Your goal: Only an exact copy belongs in the answer: the line with "Hướng dẫn chi" and every line after it through the end of the records, pictures left out.

※

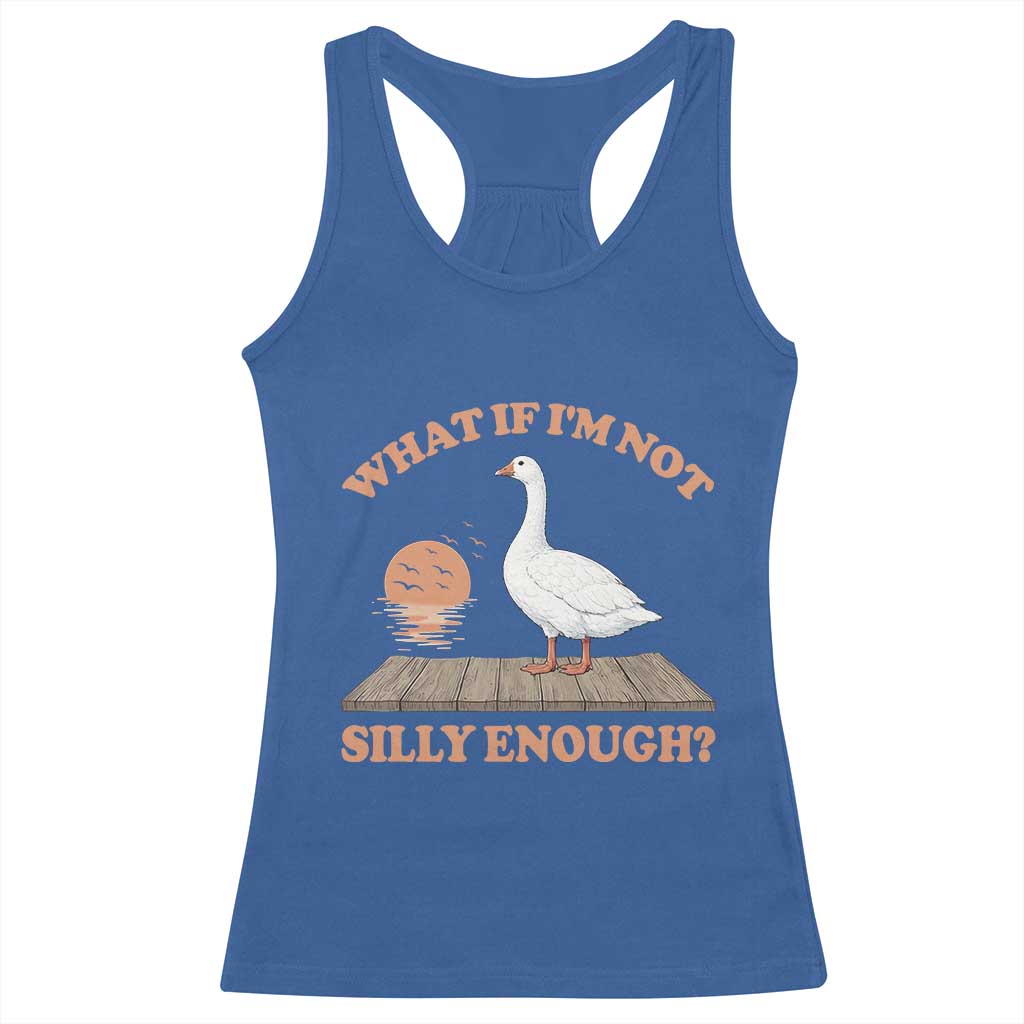 What If I'm Not Silly Enough Funny Silly Goose Racerback Tank Top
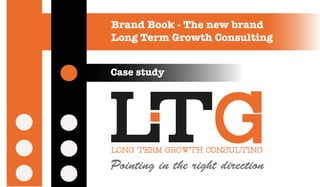 Brand Book - The new brand
Long Term Growth Consulting


Case study




long term growth consulting
 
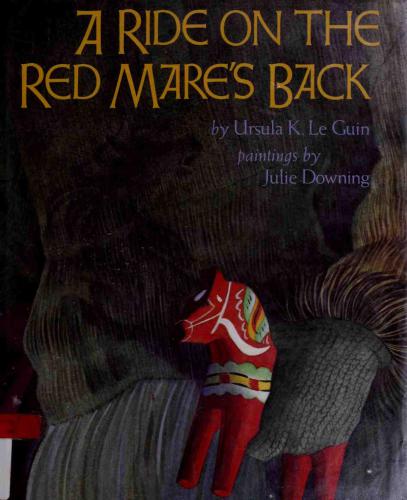 A Ride On The Red Mares Back Guin Ursula K Le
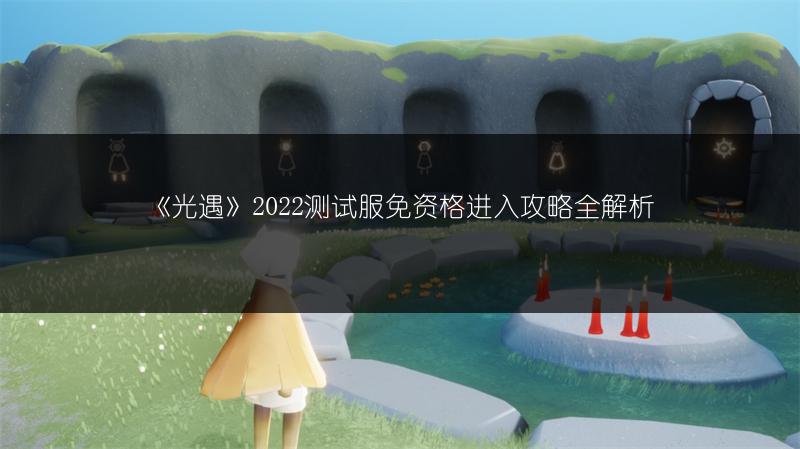《光遇》2022测试服免资格进入攻略全解析
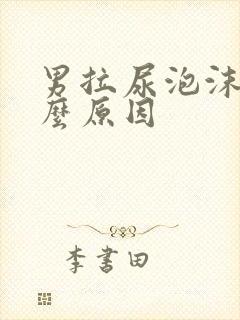 男拉尿泡沫多什么原因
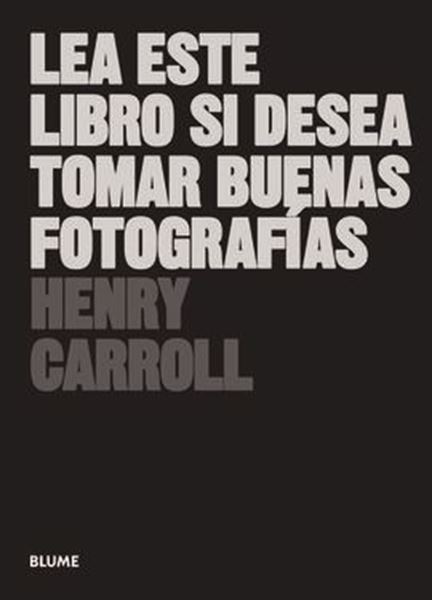 Imagen de Lea este libro si desea tomar buenas fotografías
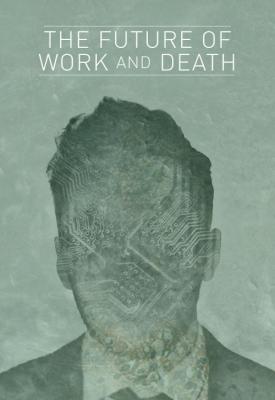 poster for The Future of Work and Death 2016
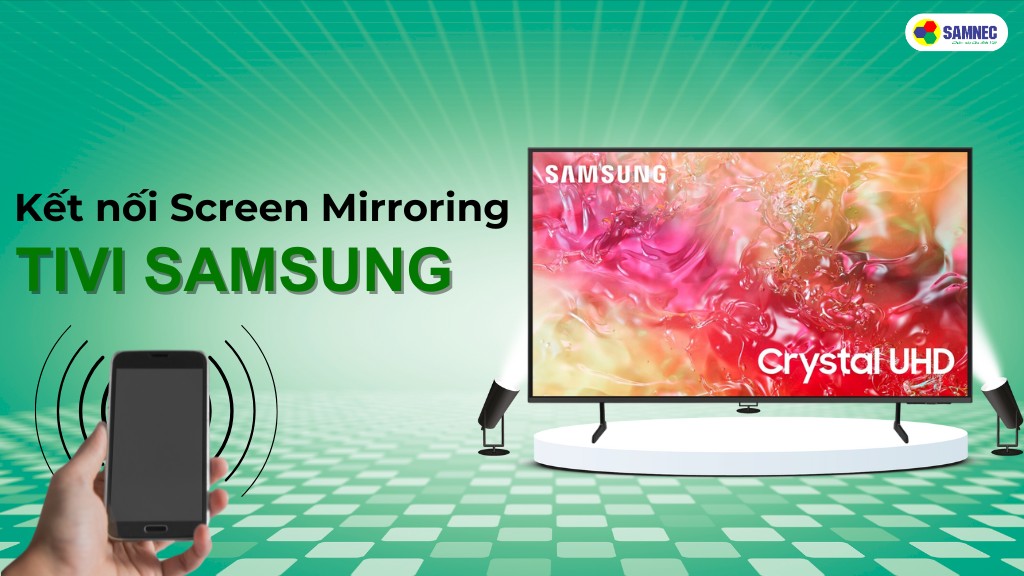 Hướng dẫn chi tiết cách kết nối Screen Mirroring trên tivi Samsung
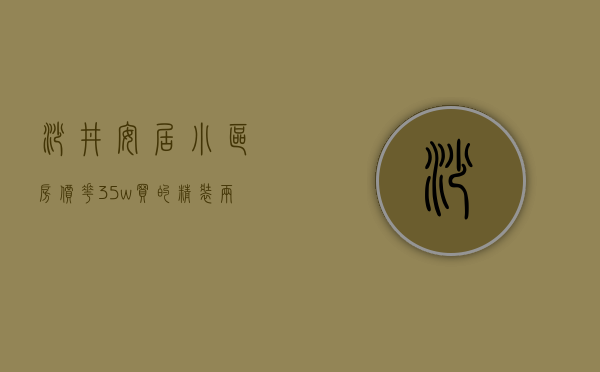 沙井安居小区房价（花35w买的精装两房两厅，我在深圳沙井安家）(沙井安居小区详细信息)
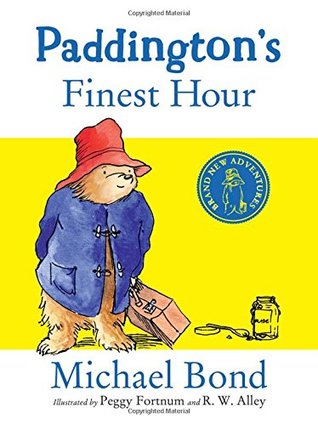 Paddington's Finest Hour (Paddington, #15)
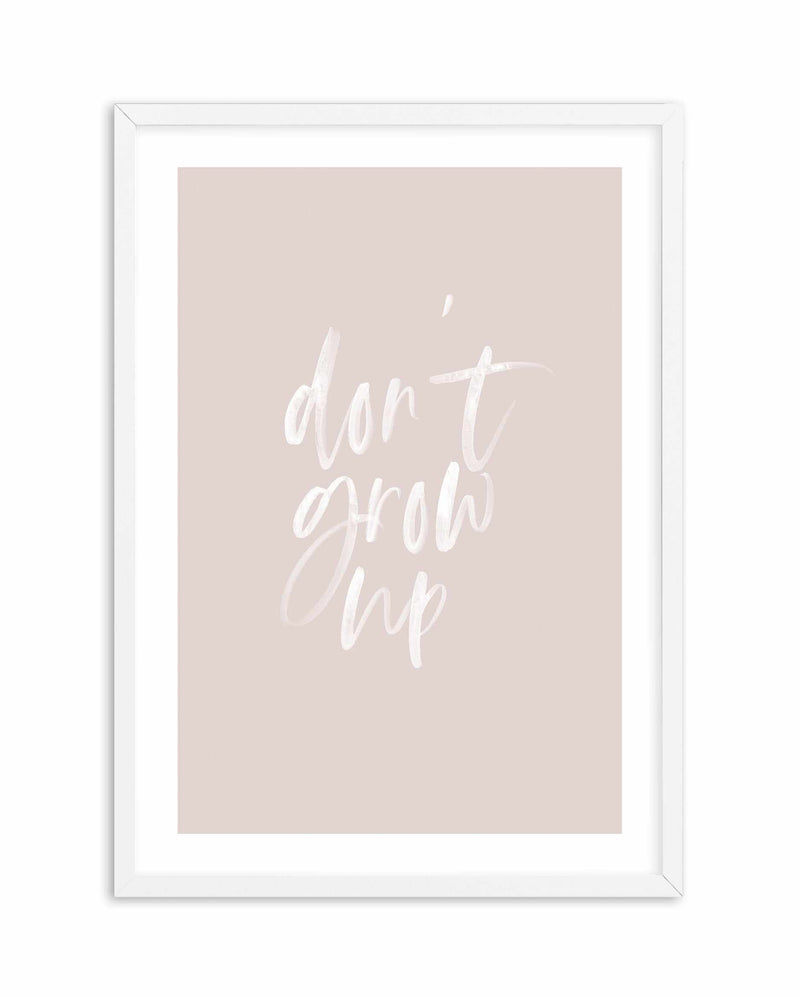 Don't Grow Up | 3 Colours Options Art Print-PRINT-Olive et Oriel-Olive et Oriel | Art Prints & Posters Online-Blush-A2 (42cm x 59.4cm | 23.4" x 16.5" | 420mm x 594mm)-White-Buy-Australian-Art-Prints-Online-with-Olive-et-Oriel-Your-Artwork-Specialists-Austrailia-Decorate-With-Coastal-Photo-Wall-Art-Prints-From-Our-Beach-House-Artwork-Collection-Fine-Poster-and-Framed-Artwork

※

Reply to the exercise:
 Hướng dẫn chi tiết cách kết nối Screen Mirroring trên tivi Samsung
 沙井安居小区房价（花35w买的精装两房两厅，我在深圳沙井安家）(沙井安居小区详细信息)
 Paddington's Finest Hour (Paddington, #15)
 Don't Grow Up | 3 Colours Options Art Print-PRINT-Olive et Oriel-Olive et Oriel | Art Prints & Posters Online-Blush-A2 (42cm x 59.4cm | 23.4" x 16.5" | 420mm x 594mm)-White-Buy-Australian-Art-Prints-Online-with-Olive-et-Oriel-Your-Artwork-Specialists-Austrailia-Decorate-With-Coastal-Photo-Wall-Art-Prints-From-Our-Beach-House-Artwork-Collection-Fine-Poster-and-Framed-Artwork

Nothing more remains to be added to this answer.